Self-Stratifying Supramolecular PDMS Adhesives with Strong Interfacial Bonding, Room-Temperature Self-Healing, and Recyclability

Polydimethylsiloxane (PDMS) materials are widely used due to their flexibility and low surface energy, yet their inherently weak substrate adhesion, lack of intrinsic room-temperature self-healing, and poor recyclability severely restrict high-value and sustainable applications. Herein, we report a supramolecular PDMS-based system that simultaneously achieves strong interfacial adhesion, rapid room-temperature self-healing, and efficient recyclability through rational molecular design. By grafting 2-ureido-4[1H]-pyrimidinone (UPy) motifs onto a thiol-containing polyester–PDMS backbone via thiol–ene chemistry, a dynamically cross-linked network featuring reversible quadruple hydrogen bonding was constructed. The UPy units serve dual roles: at moderate loading, they form reversible physical cross-links that enable fast intrinsic self-healing at room temperature; above a critical threshold, they self-assemble into microcrystalline domains that significantly enhance mechanical strength and storage modulus.

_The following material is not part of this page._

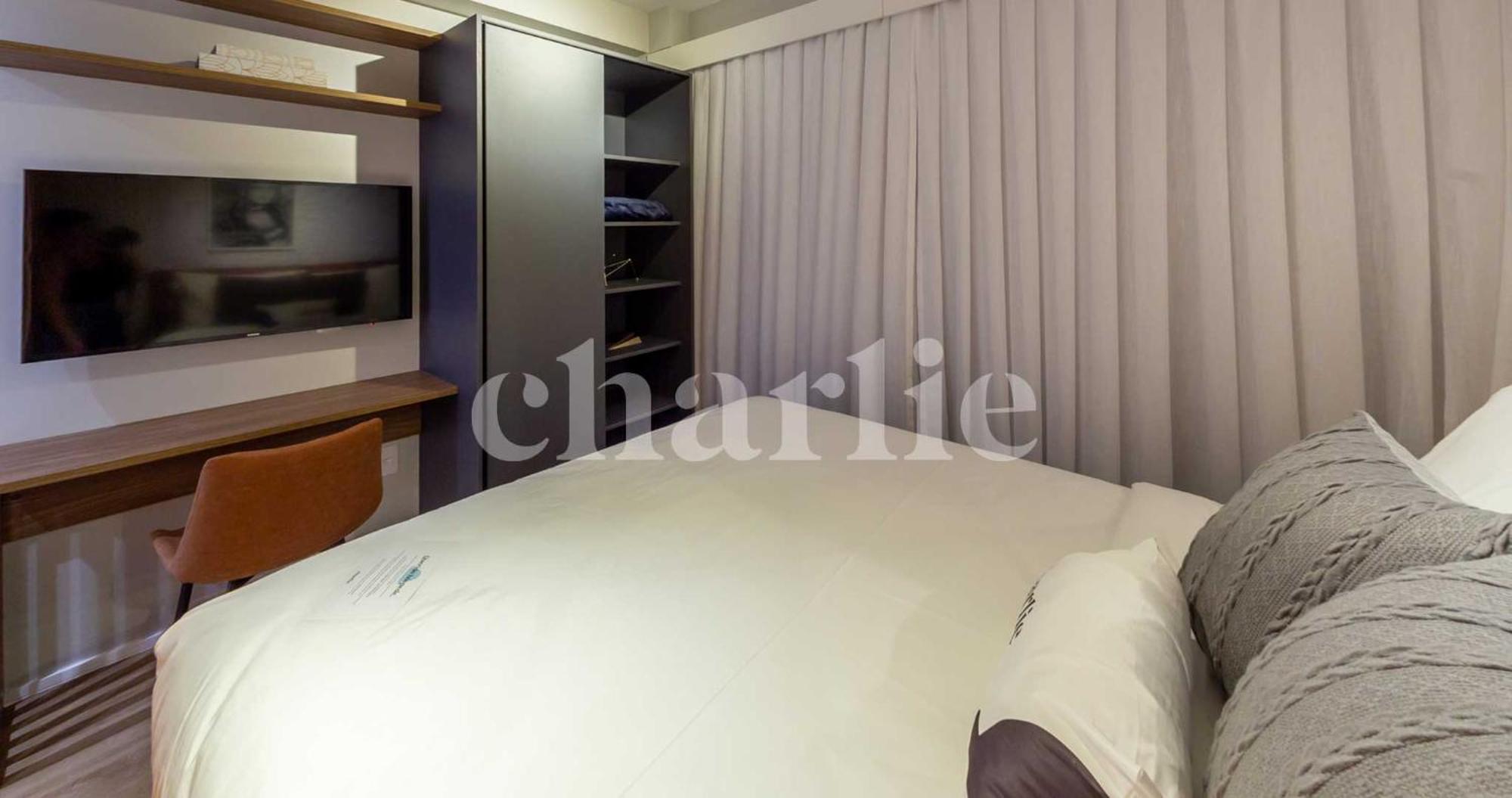 Apartamento Charlie For Moema *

Meanwhile, polarity contrast between siloxane chains and UPy moieties induces an intrinsic self-stratifying effect, where low-surface-energy PDMS segments enrich at the air interface while polar UPy groups accumulate at the substrate interface. This spatial organization reconciles the long-standing conflict between surface hydrophobicity and strong adhesion, leading to lap shear strengths exceeding 1 MPa on diverse substrates without complex pretreatment. Importantly, the fully supramolecular network allows repeated recycling via solvent treatment or hot pressing with negligible performance degradation. This work establishes a unified strategy that integrates dynamic hydrogen-bond cross-linking and interfacial self-organization, offering a promising molecular design strategy for repairable, recyclable, and high-performance silicone adhesives and coatings.